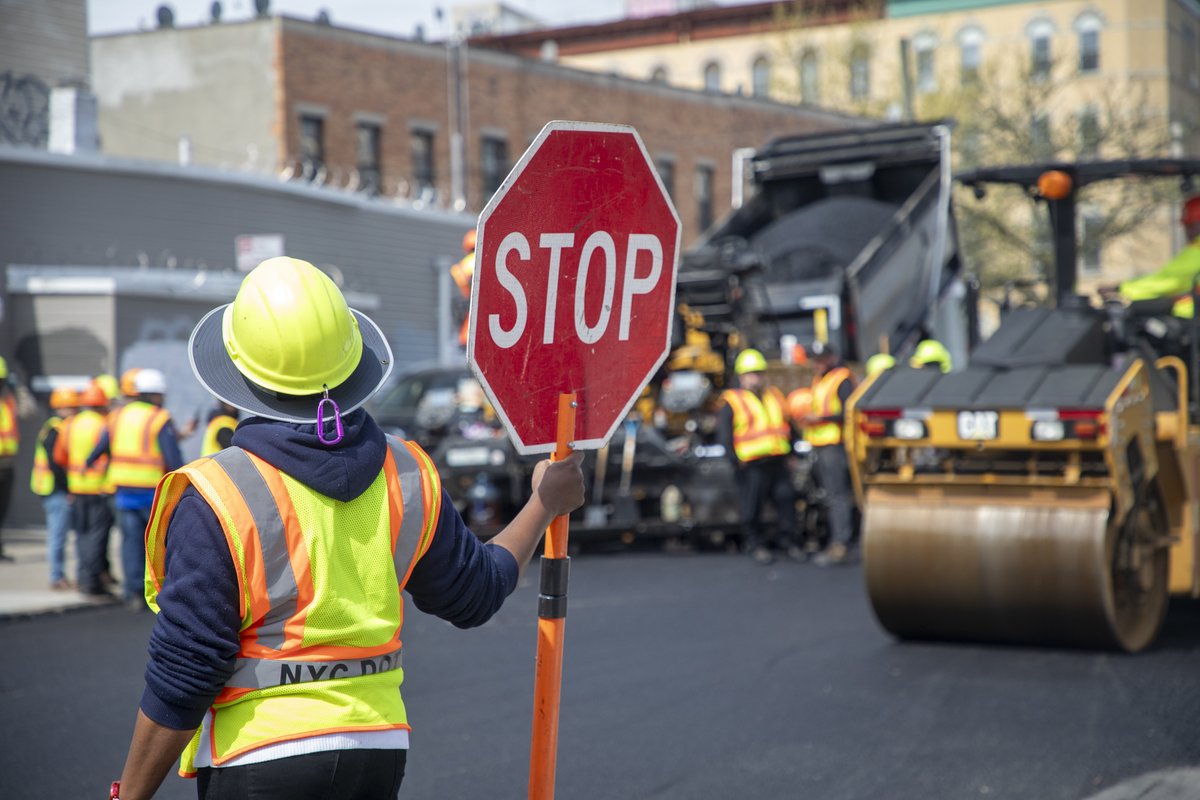 Safety is a team effort! So today, we teamed up with @NYC_DOT and @NYCDDC for National Work Zone Awareness Week to urge New Yorkers to slow down near construction sites. Keeping construction sites safe helps keep the workers who keep NYC flowing safe! #NWZAW #NYToughest💪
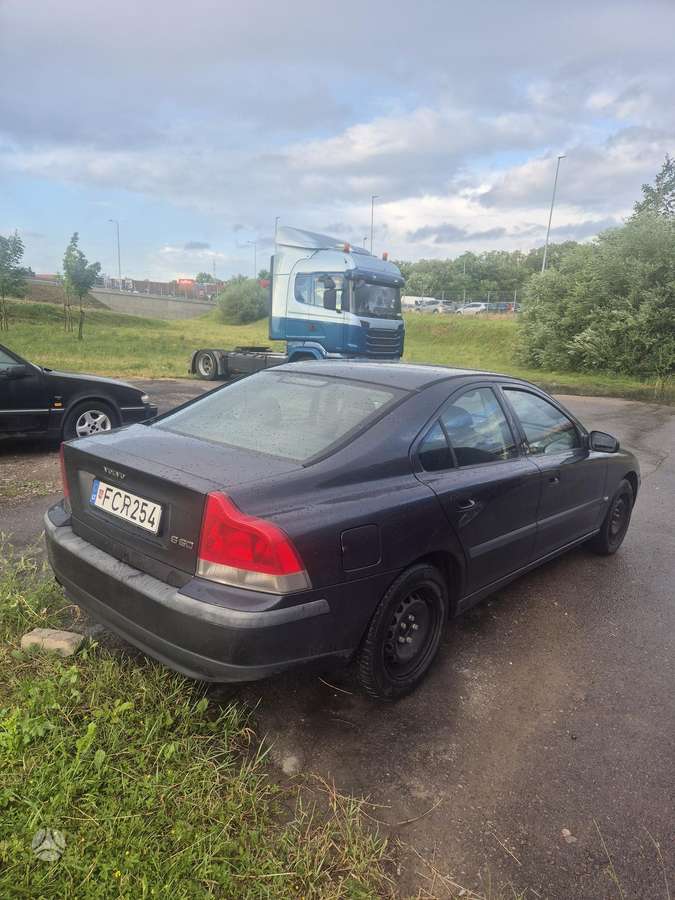 Volvo S60, 2.4 l., Седан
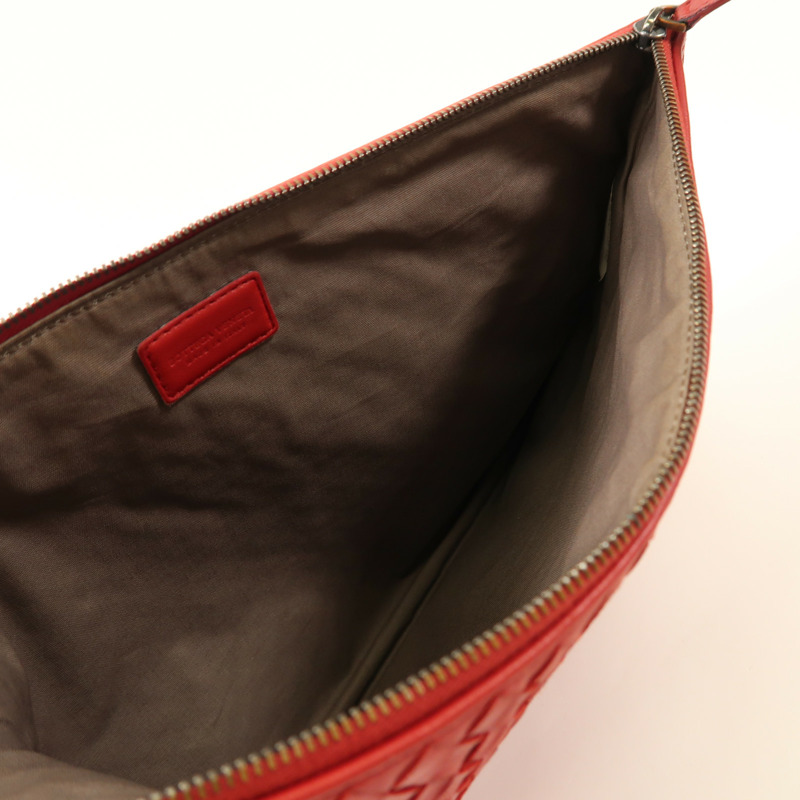 BOTTEGA VENETA 羊皮皮革Pouch金扣手拿包-8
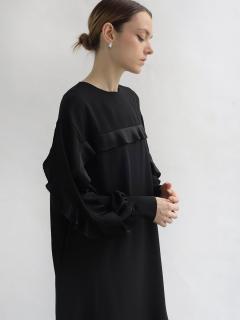 プリーツフロントフリルワンピース - Aga Black - Aga｜YAMADAYA STORE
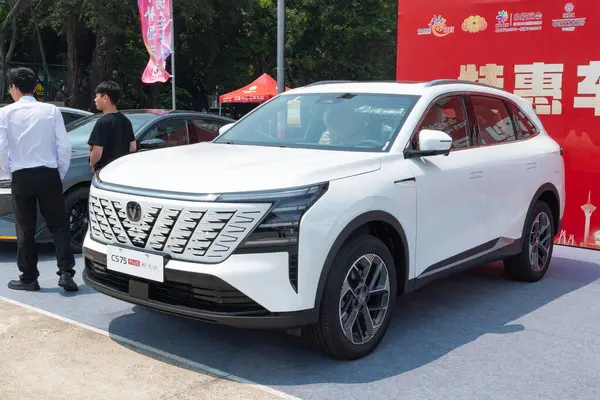 ZHONGSHAN GUANGDONG Çin - 21 Mart 2025: beyaz Changan CS75 Artı.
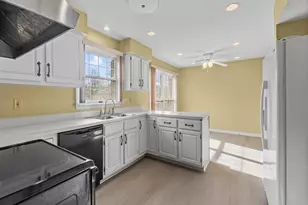 207 Ambridge Ct, Chesterfield, MO 63017 - Photo 8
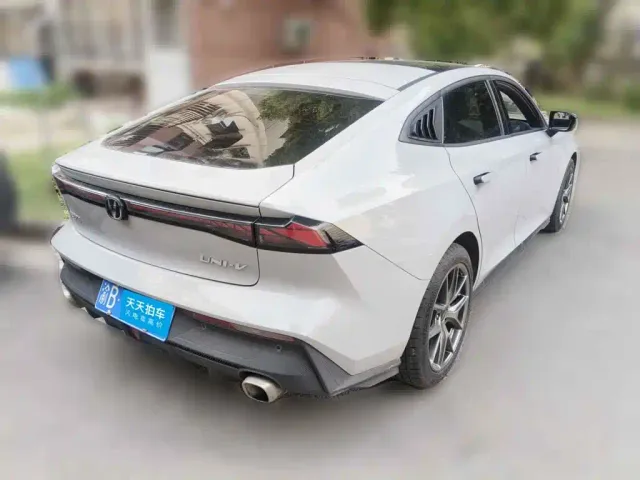 Changan UNI-V — Фото автомобиля 2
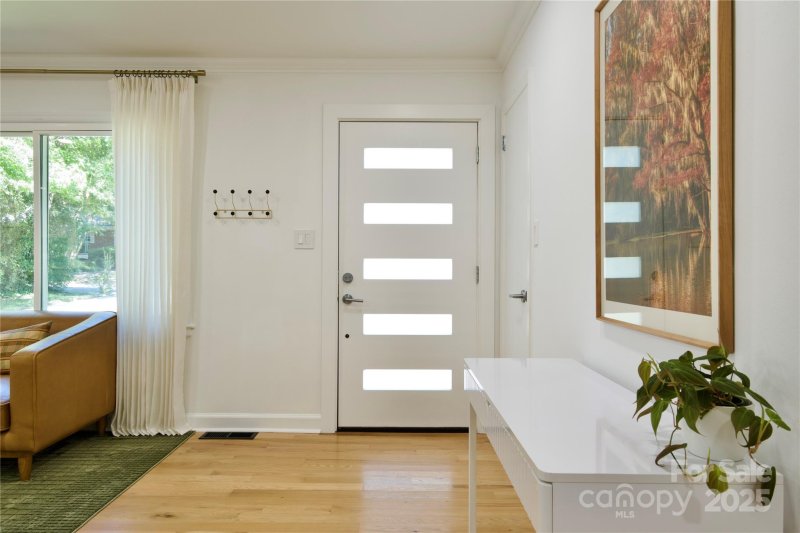 Property image 5 at 3549 Woodleaf Road, Charlotte, NC 28205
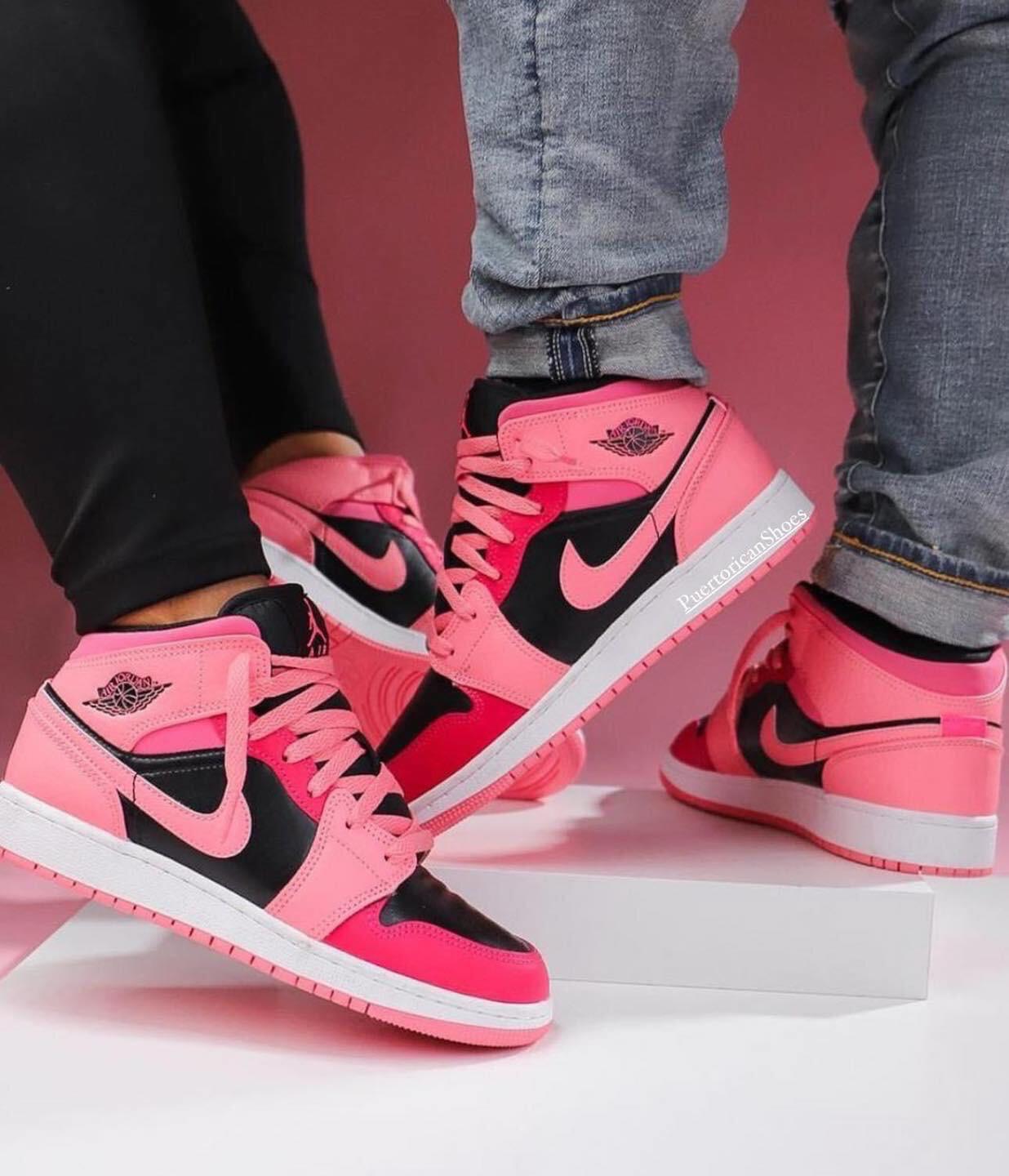 Air Jordan Retro 1 Pink/Black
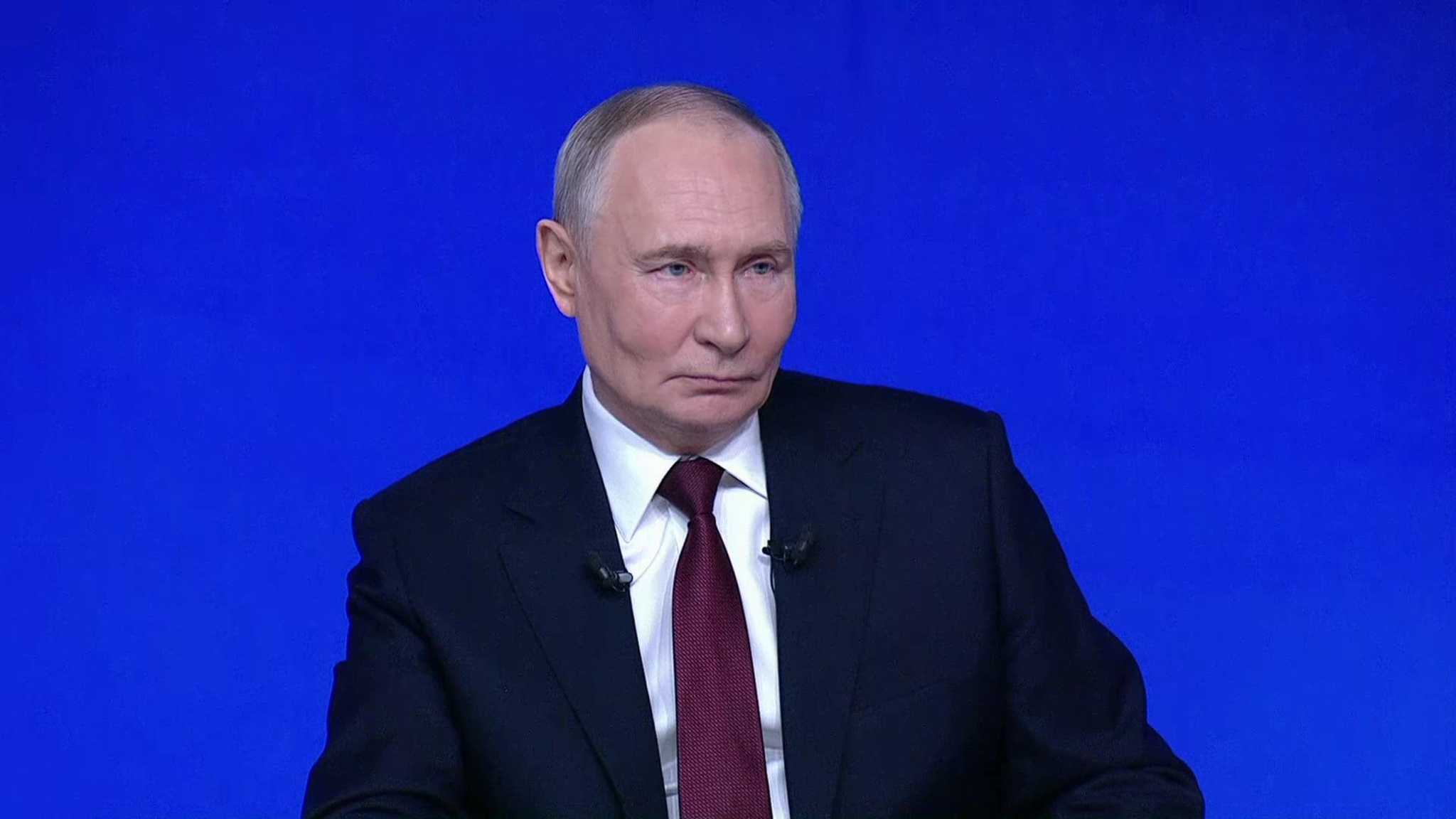 Путин подчеркнул, что не следит за выступлениями Зеленского "с передовой"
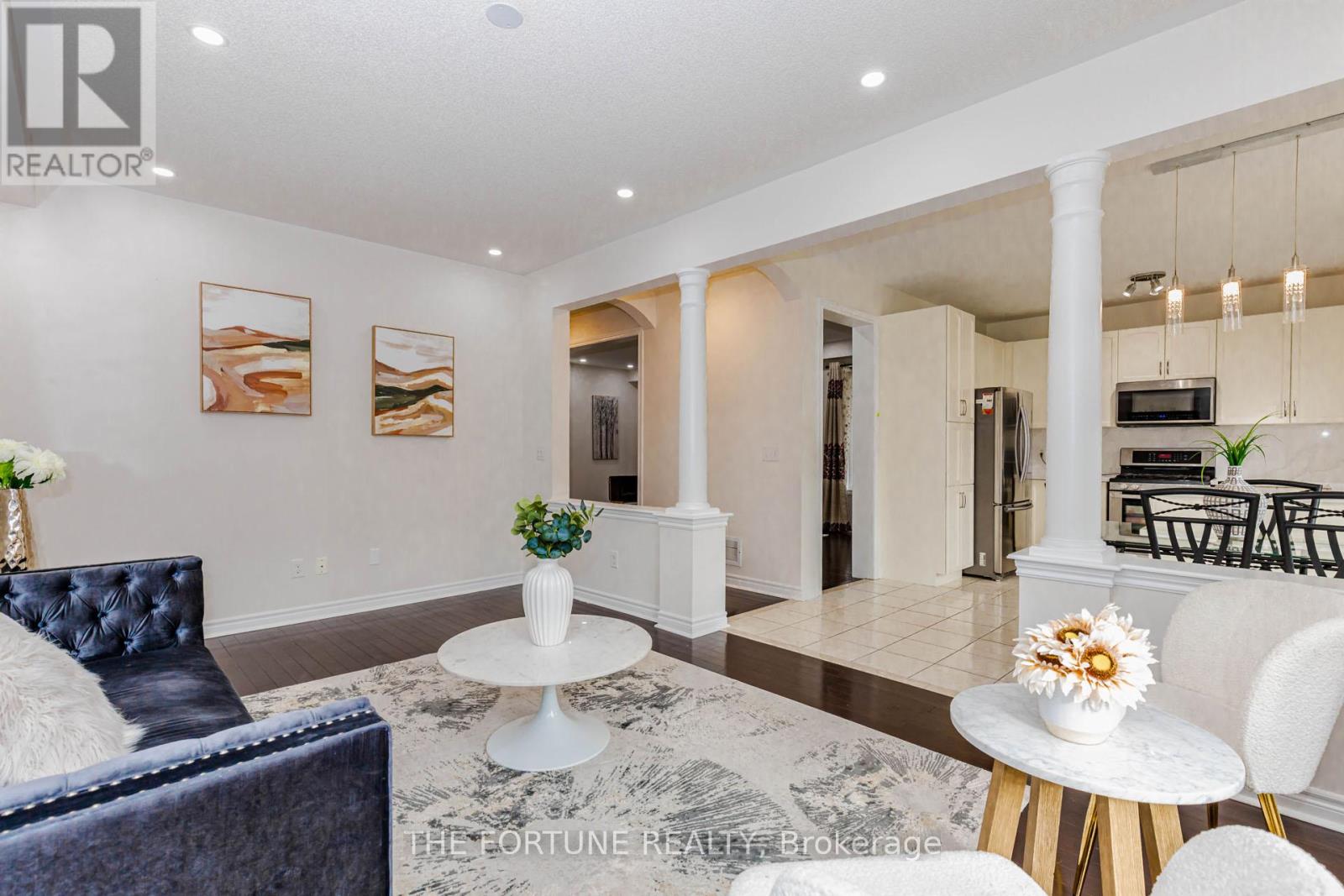 16 HAVILAND CIRCLE - 11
════════════════════
▶ **What this task involves**: The copy must match each record exactly, apart from the images, which stay out.

▶ **Task answer**:
 Safety is a team effort! So today, we teamed up with @NYC_DOT and @NYCDDC for National Work Zone Awareness Week to urge New Yorkers to slow down near construction sites. Keeping construction sites safe helps keep the workers who keep NYC flowing safe! #NWZAW #NYToughest💪
 Volvo S60, 2.4 l., Седан
 BOTTEGA VENETA 羊皮皮革Pouch金扣手拿包-8
 プリーツフロントフリルワンピース - Aga Black - Aga｜YAMADAYA STORE
 ZHONGSHAN GUANGDONG Çin - 21 Mart 2025: beyaz Changan CS75 Artı.
 207 Ambridge Ct, Chesterfield, MO 63017 - Photo 8
 Changan UNI-V — Фото автомобиля 2
 Property image 5 at 3549 Woodleaf Road, Charlotte, NC 28205
 Air Jordan Retro 1 Pink/Black
 Путин подчеркнул, что не следит за выступлениями Зеленского "с передовой"
 16 HAVILAND CIRCLE - 11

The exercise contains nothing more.